Devs To Devs: How To Avoid Common Developers’ Mistakes On GitHub
The digital age is an age of opportunity. But along with opportunities come risks and problems. Developing modern #software is a complex task that requires attention to detail and a wide knowledge of many aspects of programming. But even experienced programmers can make mistakes that can lead to a host of problems, such as bugs, performance issues, or #security vulnerabilities. Let’s take a look at some of the most common mistakes developers make when working with #GitHub. Whether you’re a novice programmer taking your first steps or a seasoned expert looking to improve your skills, this article should help you avoid common pitfalls when working with the popular version control system. With this knowledge, we should create better solutions that are reliable, efficient, and secure.
In recent years, GitHub has become an essential tool for developers to collaborate and manage source code. However, using this tool can also lead to some common developer mistakes that can have a significant impact on the development process. One of the most frequent problems is simply the improper use of version control. And this can lead to loss of code and, most importantly, to the waste of our most precious resource: time.

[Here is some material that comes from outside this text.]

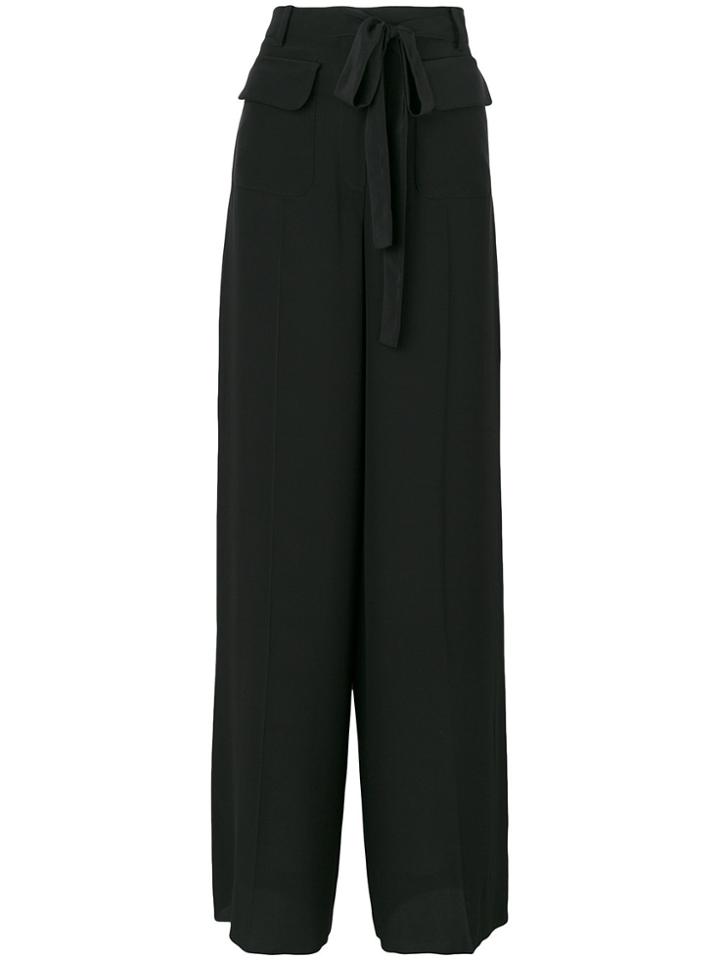 Valentino Tied Wide Leg Trousers - Black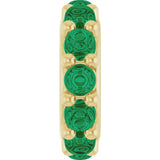 14K Yellow Gold Lab-Grown Emerald Cabochon Spacer Charm/Pendant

An example of a mistake is not regularly making changes
Popular developers’ mistakes
None of us is infallible. However, the most common reason for developers’ mistakes is a lack of knowledge. Increasing awareness and proper education allow us to minimize risks and create better solutions. So let’s check out some common slip-ups that happen even to experienced programmers.

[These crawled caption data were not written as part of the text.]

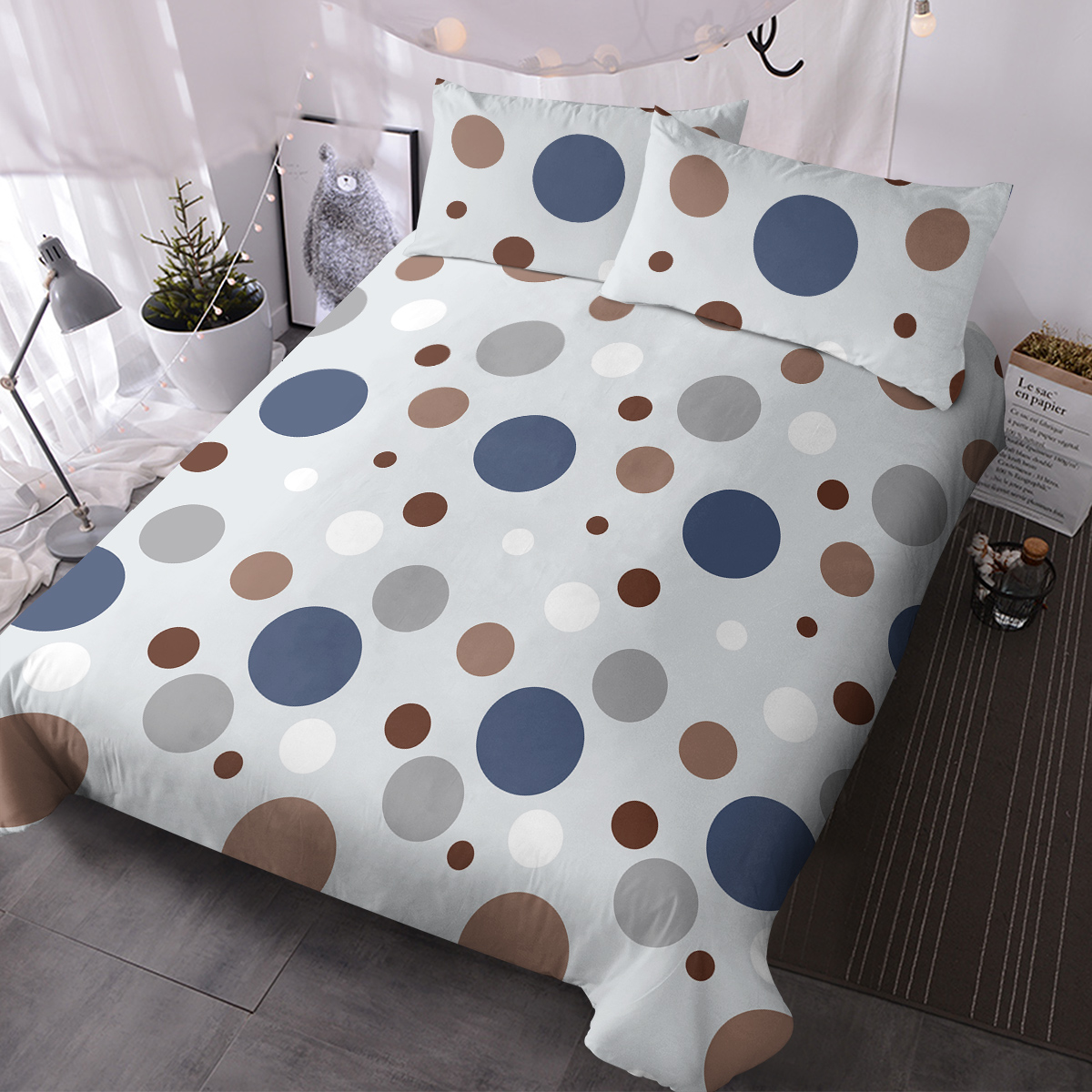 Modern Simple Style Duvet Cover Set, Polka Dots Comforter Cover Set For Kids Teens Adults Room, Geometric Circles Bedding Set 3 Pcs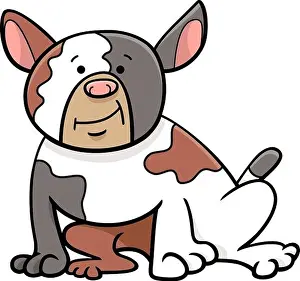 Cartoon Character Prints: Cartoon Illustration of Spotted Bulldog Dog Animal Character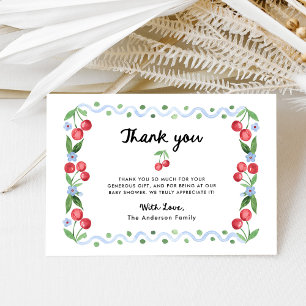 Whimsical Retro Cherry Frame   Baby Shower Thank You Card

The risk may be associated with deleting branches, especially if they contain important code changes. Removal of a branch permanently erases all associated code, commits, and history, which in most cases cannot be restored. It’s important to carefully review the code changes and consider the potential risks before deleting any branches on GitHub. In addition, it’s a good practice to regularly back up code changes and ensure that important changes are properly merged into the main codebase.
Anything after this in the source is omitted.